East European Politics
- Discipline: Political science, European studies, Area studies, International relations
- Language: English
- Edited by: Adam Fagan, Petr Kopecky, Lenka Bustikova, Andrea L. P. Pirro, Maria Spirova

Publication details
- Former names: Journal of Communist Studies (1984–1991) Journal of Communist Studies and Transition Politics (1992–2011)
- History: 1984–present
- Publisher: Routledge (Taylor & Francis Group)
- Frequency: Quarterly

Standard abbreviations
- ISO 4: East Eur. Politics

Indexing
- ISSN: 2159-9165 (print) 2159-9173 (web)
- OCLC no.: 701552682

Links
- Journal homepage; Journal Twitter page;

= East European Politics =

East European Politics is a peer-reviewed academic journal covering the government, politics and societies of the post-communist space, including East Central Europe, the Baltic republics, South Eastern Europe, Russia, and all the countries of the former Soviet Union. It is published quarterly (4 issues per year) by Routledge (Taylor & Francis Group).
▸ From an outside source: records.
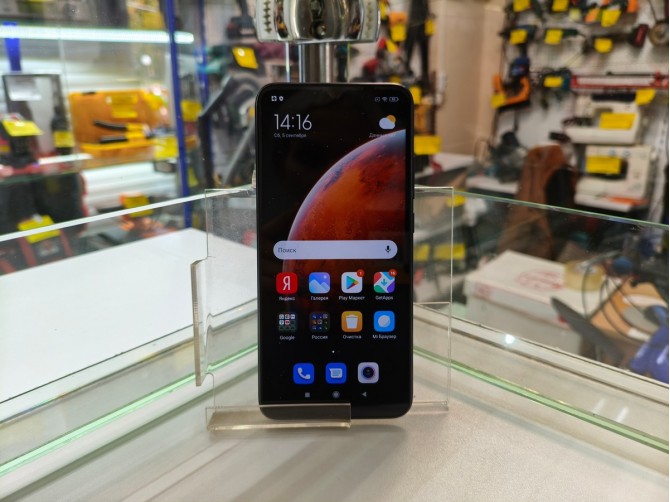 Мобильный телефон Xiaomi, Redmi 9C (NFC), 64 ГБ, черный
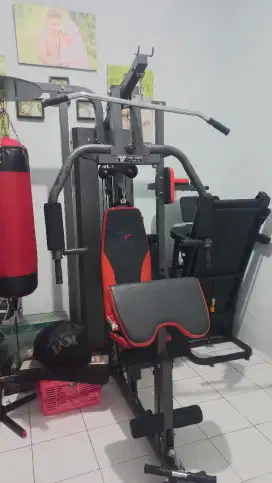 HOMEGYM 3 SISI TOTAL FITNESS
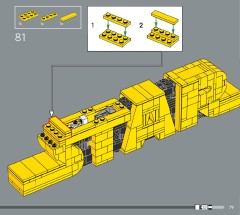 LEGO 75407 instructions page 79 – build guide
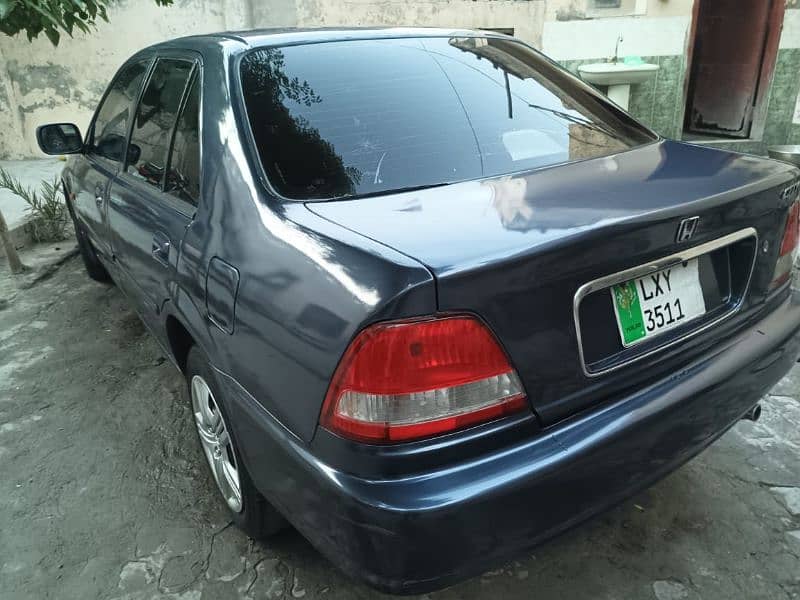 Honda City IDSI 2001 3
East European Politics publishes research on political developments, cross-country comparisons, and the post-communist region's connections to the wider world, along with thematic issues, symposiums, and review essays. All articles are peer-reviewed through editor screening and anonymized evaluation by at least two referees.

== History ==
The Journal of Communist Studies was founded in 1984 by a group of scholars (Note: Michael Waller, Richard Gillespie, Ron Hill, David Goodman, David Bell, and Michael Williams) with a shared intellectual interest in communist political systems, successors to an editorial team that had produced Documents in communist affairs (published in the early 1980s by Butterworths) and other publications dealing with the communist movement.

While the journal set out to reflect the growing complexity of the communist world and movements, in the 1980s, its focus was on the ‘core’ countries and parties that had historically been part of the world of the Communist International. The primary emphasis was on politics, but history, sociology, non-technical economics, biography, and comparative studies also featured.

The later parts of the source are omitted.